I have written about Egusi twice now, but it is one of my favourite soups, so I make it a lot. I sometimes make it with two vegetables (recipe HERE), or I make it very luxurious by using a combination of seafood (recipe HERE). Egusi soup and Eba is my winning meal any day. This evening despite not doing so great, I decided to teach my flatmate how to make Egusi soup. Teaching guys to cook is always an experience. We started with Aya mase 2 weeks ago and that was a success, which he re-created for his family and they loved it. If you still want to sign up for Cooking Lessons to show off your new and improved skills for Christmas, spaces are still available.
When I teach, I go full on. The easier option would have been to plainly fry the Egusi but I wanted to show him something that many people probably don’t get correctly, and that is making Egusi into balls and making those balls stay put through the cooking process. It was a good thing I did so because something just occurred to me today, and I believe this tip is golden and would be 100% replicable. For pros or for novices, this will work.
You will need
1 piece of Tatashe – red bell pepper
2 pieces of ata rodo – scotch bonnet/habaenro pepper
Seasoning cube – knorr chicken cube preferred
1. Grind the Egusi into a smooth powdery form. Use a mill for this. Then cut the onion in half, blend one half and finely chop the other half.

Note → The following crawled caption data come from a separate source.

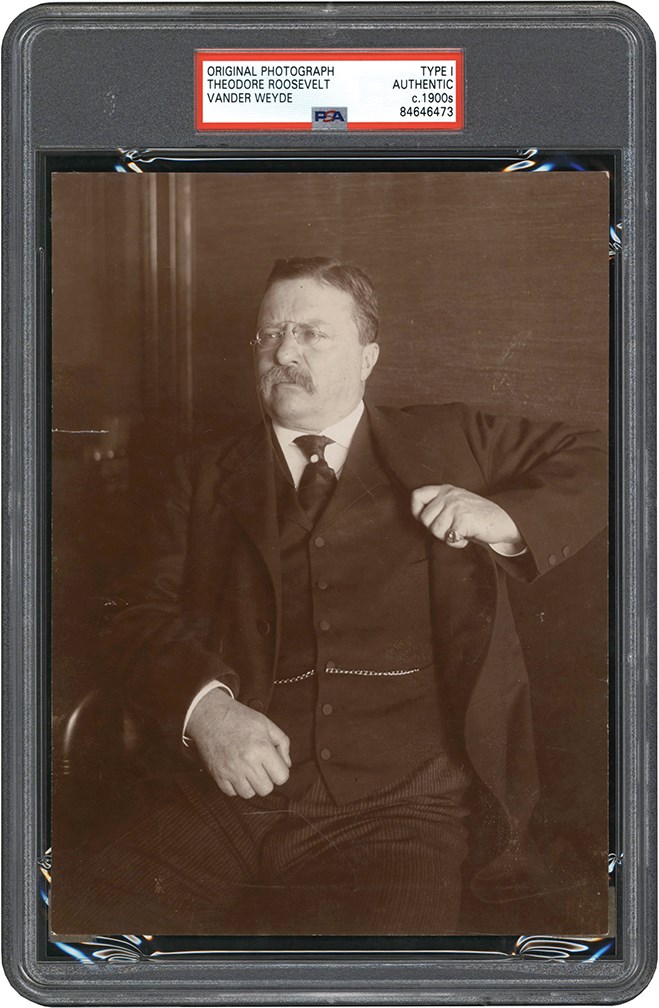 The Brown Brothers Photograph Collection - 1900s Teddy Roosevelt Photograph (PSA Type I)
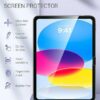 Tempered Glass Screen Protector for iPad 10th/11th Gen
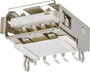 Beépített aljzat A típusú USB 2.0 Alj, beépíthető, vízszintes USB 1 port 87583-2010BLF FCI Tartalom: bélyegkép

2. Gradually add the blended onion into the Egusi powder until it forms a thick paste. Dooney’s Kitchen Tip: gradually because you want a thick paste. If you add too much liquid onion, the balls will not form and you will need more powdered Egusi to thicken it.

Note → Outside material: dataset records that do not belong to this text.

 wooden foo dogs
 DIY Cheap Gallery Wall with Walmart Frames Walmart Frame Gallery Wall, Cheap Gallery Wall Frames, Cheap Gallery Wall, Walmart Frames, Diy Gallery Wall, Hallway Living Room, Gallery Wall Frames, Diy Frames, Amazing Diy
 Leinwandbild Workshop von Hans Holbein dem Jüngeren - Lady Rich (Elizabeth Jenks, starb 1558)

3. Once you have a thick egusi onion paste, add the chopped onion and then proceed to forming into balls with your left palm and fingers. I am right handed, which is why i stated left palm. You need the balls to be slightly big, this is to make allowance for breakages. If the balls are too small, you will end up with tiny sized balls like a peanut, which defeats the purpose really. To enjoy egusi balls, they should be big enough to be picked and chewed. Trust me, this is heavenly delicious.
4. Place the balls into a bowl, if there is no space, put into more bowls and place in the fridge. You may be thing huh? Fridge, why? This is the tip I just discovered. Dooney’s Kitchen Tip: it occurred to me whilst forming the balls that cold air will really help the balls to set, thereby keeping their shape. If you have always had problems with this, fridge to the rescue. The cold air will harden the balls, such that when you add it to the pot to cook, it will hold its shape. Don’t believe me, see pictures below. After all in many recipes, we place things in the fridge to harden, why not with Egusi balls
5. Whilst the egusi balls are chilling, do the rest of the prepping i.e. blend the pepper, grind the crayfish, wash and chop the vegetables. Once you have blended pepper, heat up palm oil in the pot and add the pepper to fry.

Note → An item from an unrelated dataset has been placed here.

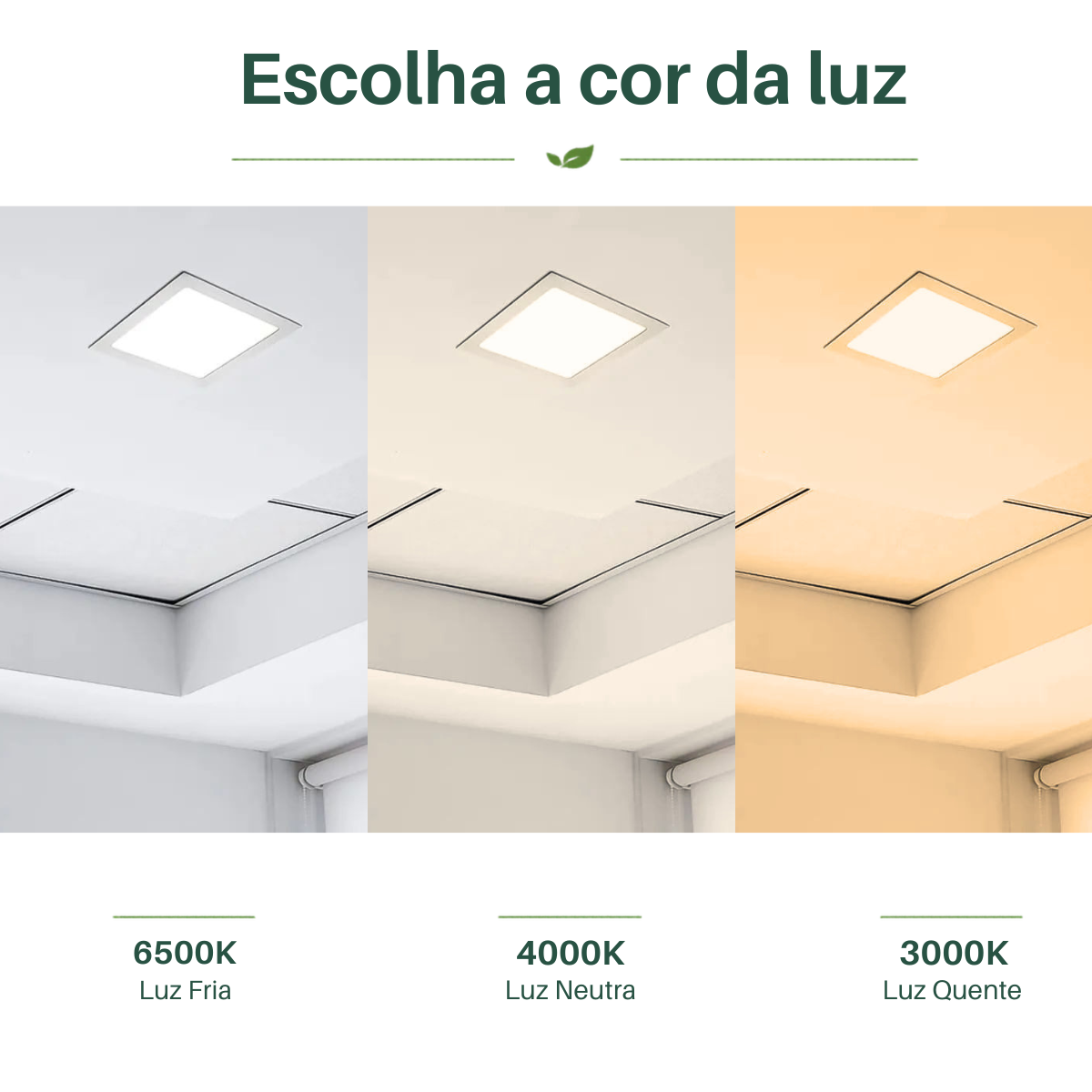 Luz uniforme do painel LED de embutir 24W Play Blumenau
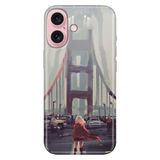 Senada iPhone 17 Camera Productor ile Uyumlu Kılıf Dekoratif Silikon Baskılı Kapak Kırmızılı Kadın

6. Once it has fried, ensure that it has thickened, then check on the egusi balls. If the paste sticks to your fingers immediately you touch it, you need to leave it in the fridge for a little longer. Dooney’s Kitchen Tip: You know it is ready when you can pick up the balls easily and you don’t feel like it will dissolve in your hands and the balls feel semi solid.
7. Once the egusi balls have set, add them to the fried pepper, add a little beef stock or water, to prevent the pepper and Egusi balls from burning, and lower the heat to medium. Dooney’s Kitchen Tip: the contrast in temperature of the cold Egusi balls and the fried pepper will will keep the egusi balls in place. Don’t forget, lower the heat. If the heat is higher, the pepper will be more agitated, therefore breaking down the egusi balls. Lower the heat
keep frying, and shake the pot with your hands in a circular motion. Do NOT stir with a spoon. Keep frying until the oil floats to the surface, this is very important. See below, the oil is peeking out amidst the bubbles
8. The add the meats, iru, crayfish and a little more beef stock to create a more fluid soup. Once you add the meats, shake the pot in a circular motion too. You will notice that some of the egusi balls have broken down and many are still intact. See picture below, the balls are still intact, whilst bits of it have dissolved in the soup giving the characteristic orange Egusi soup colour.
keep the heat on medium and let the soup cook. You will see some tiny bubbles floating on top. Taste for salt and seasoning. if you used a very rich beef stock you should not need to re-season. Dooney’s Kitchen Tip: if you used water, 1 cube of Knorr chicken cube and salt will do. This time you can stir with a spoon gently. If the balls are too big for you, break apart gently with the spoon.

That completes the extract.